Monday, March 20, 2006

I should have started reading contemporary writers awhile ago. My attempt to read current books is a new phenomena. I can only imagine what I've missed during my odd snob period. I'm still a book snob, but now I'm at least attempting to read newer books, though I still find it difficult to buy a new hardcover book for $30 when I can buy two paperbacks for the same price.
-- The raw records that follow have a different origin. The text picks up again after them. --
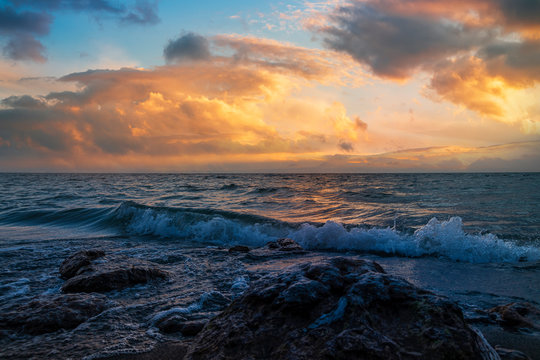 Beautiful landscape. Bright colorful sunset with dramatics clouds over the lake. 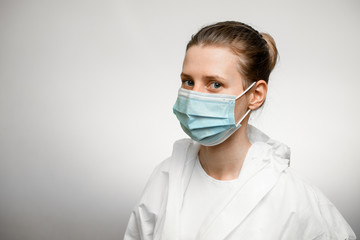 Young female doctor wearing protective suit and medical mask.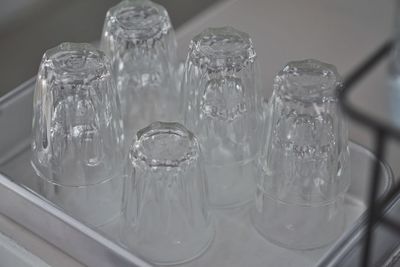 Close-up of empty drinking glass on table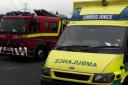 Ambulance treats man after Christmas tree lights catch fire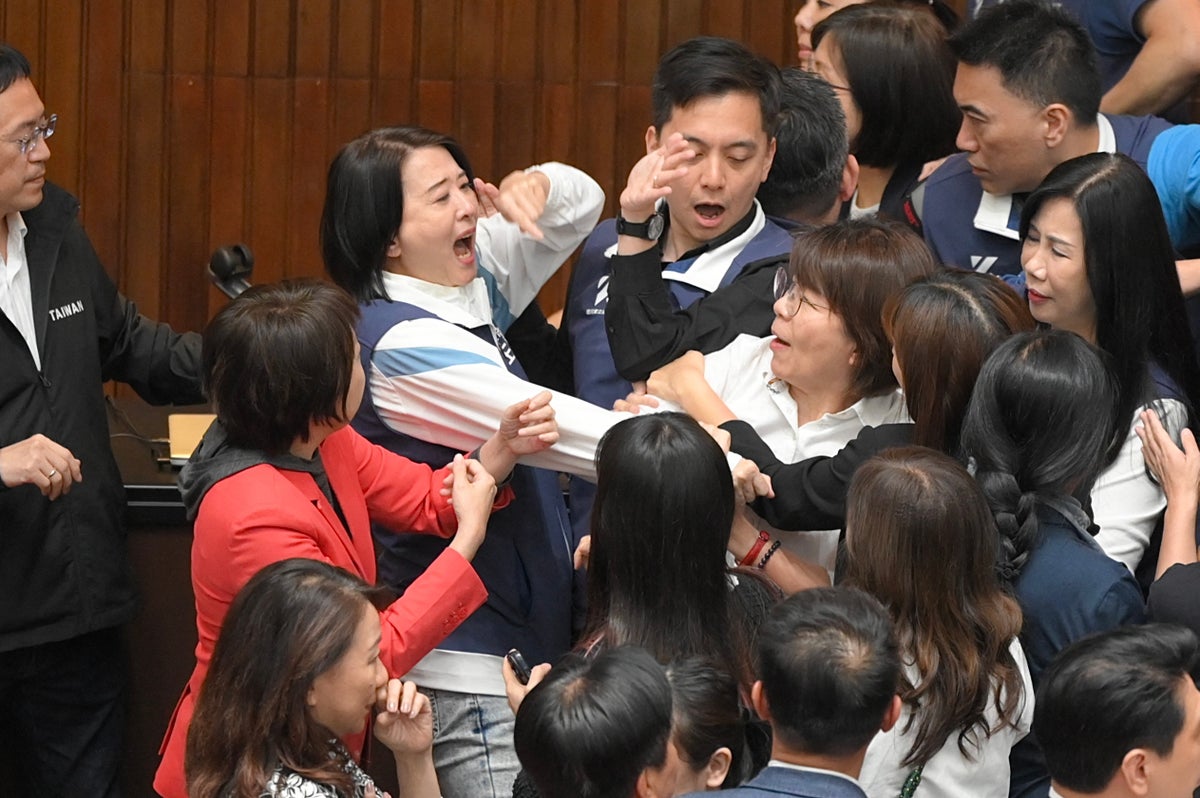 Taiwan parliament brawl escalates into night as lawmakers shove, tackle and hit each other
David Mitchell is such a writer that I would have passed over and read a supposed classic in his place. Since he's compared to Pynchon, I may have read The Crying of Lot 49 or Gravity's Rainbow. Both classic novels in their own right, but I would have missed the genius of Mitchell. Each chapter of Mitchell's Cloud Atlas changes narrator, but has the perfect continuity of a novel. Each chapter, though completely different in form, is linked, touched, to the previous section and the reader passes through nineteenth century New Zealand, 1970s California, some futuristic Asian setting and I can only imagine what's to come in the second half of the book.

...

Today in Boston, the wind is shooting chills through our layers of clothes and tingles our spines. The beginning of spring taunts those of us that brave the below normal cold. Carrying my book to work today, I thought my hand would freeze to the binding, but I didn't think this would be a problem. Having your hand forever on a book, bliss? The book didn't freeze, my hand and mind heated up, slowly for sure, and today we long for the spring to come. Not tomorrow, but to come.

Now reading:
David Mitchell Cloud Atlas

On deck:
Kate Atkinson Case Histories

1 comment:

Anonymous said...

Reading would cost you nothing at all, if you borrowed books from a library.
When I was less busy, I used to go to the library every week. Now I buy books, since I never know when I will have time to read.